Prior to doping—adding carbon—the semiconductor, a transition metal dichalcogenide (TMD), was n-type—electron conducting. After substituting carbon atoms for sulfur atoms, the one-atom-thick material developed a bipolar effect, a p-type—hole—branch, and an n-type branch. This resulted in an ambipolar semiconductor.
"The fact that you can change the properties dramatically by adding as little as two atomic percent was something unexpected," Mauricio Terrones, senior author and distinguished professor of physics, chemistry and materials science and engineering.
According to Zhang, once the material is highly doped with carbon, the researchers can produce a degenerate p-type with a very high carrier mobility. "We can build n+/p/n+ and p+/n/p+ junctions with properties that have not been seen with this type of semiconductor," he said.
In terms of applications, semiconductors are used in various devices in industry. In this case, most of those devices will be transistors of different sorts.

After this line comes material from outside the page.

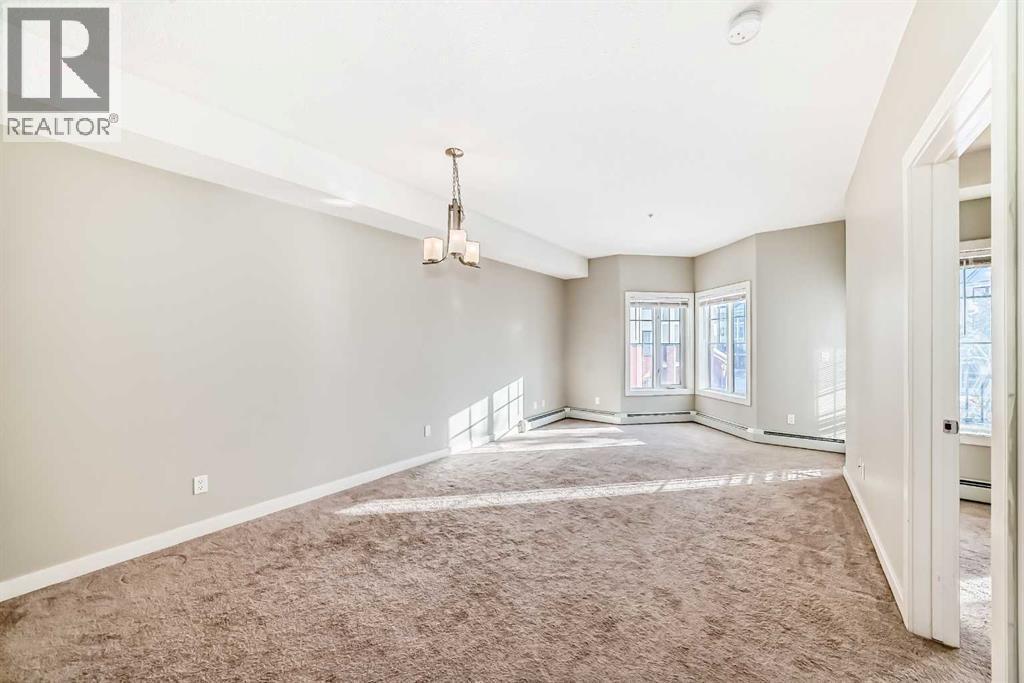 225, 20 Royal Oak Plaza Nw, Calgary, AB - Indoor Photo Showing Other Room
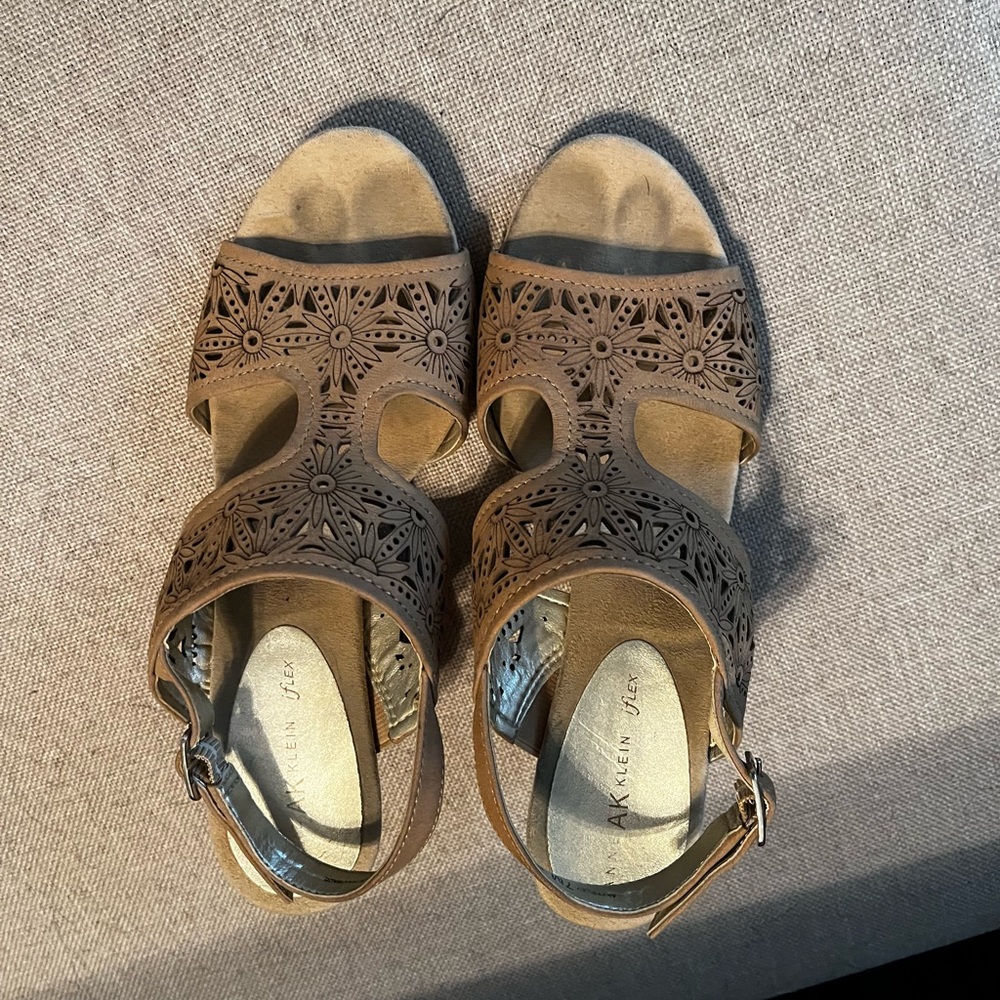 Anne Klein tan wedges floral print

"This type of material might also be good for electrochemical catalysis," Terrones said. "You could improve conductivity of the semiconductor and have catalytic activity at the same time."
There are few papers in the field of 2-D materials doping, because it requires multiple processes to take place simultaneously under specific types of conditions. The team's technique uses a plasma to lower the temperature at which methane can be cracked—split apart—down to 752 degrees Fahrenheit. At the same time, the plasma has to be strong enough to knock a sulfur atom out of the atomic layer and substitute a carbon-hydrogen unit.
"It's not easy to dope monolayers, and then to measure carrier transport is not trivial," Terrones says. "There is a sweet spot where we are working. Many other things are required."
Susan Sinnott, professor and head of the Department of Materials Science and Engineering, provided theoretical calculations that guided the experimental work. When Terrones and Zhang observed that doping the 2-D material was changing its optical and electronic properties—something they had never seen before—Sinnott's team predicted the best atom to dope with and predicted the properties, which corresponded with the experiment.
Saptarshi Das, assistant professor of engineering science and mechanics, and his group, then measured the carrier transport in various transistors with increasing amounts of carbon substitution. They watched the conductance change radically until they had completely changed the conduction type from negative to positive.
"It was very much a multidisciplinary work," Terrones says.
Additional authors on the Science Advances paper, titled "Carbon doping of WS2 monolayers: Bandgap reduction and p-type doping transport," include current or former doctoral students Yanfu Lu, Daniel Schulman, Tianyi Zhang, Zhong Lin and Yu Lei; and Ana Laura Ellias and Kazunori Fujisawa, assistant research professors of physics.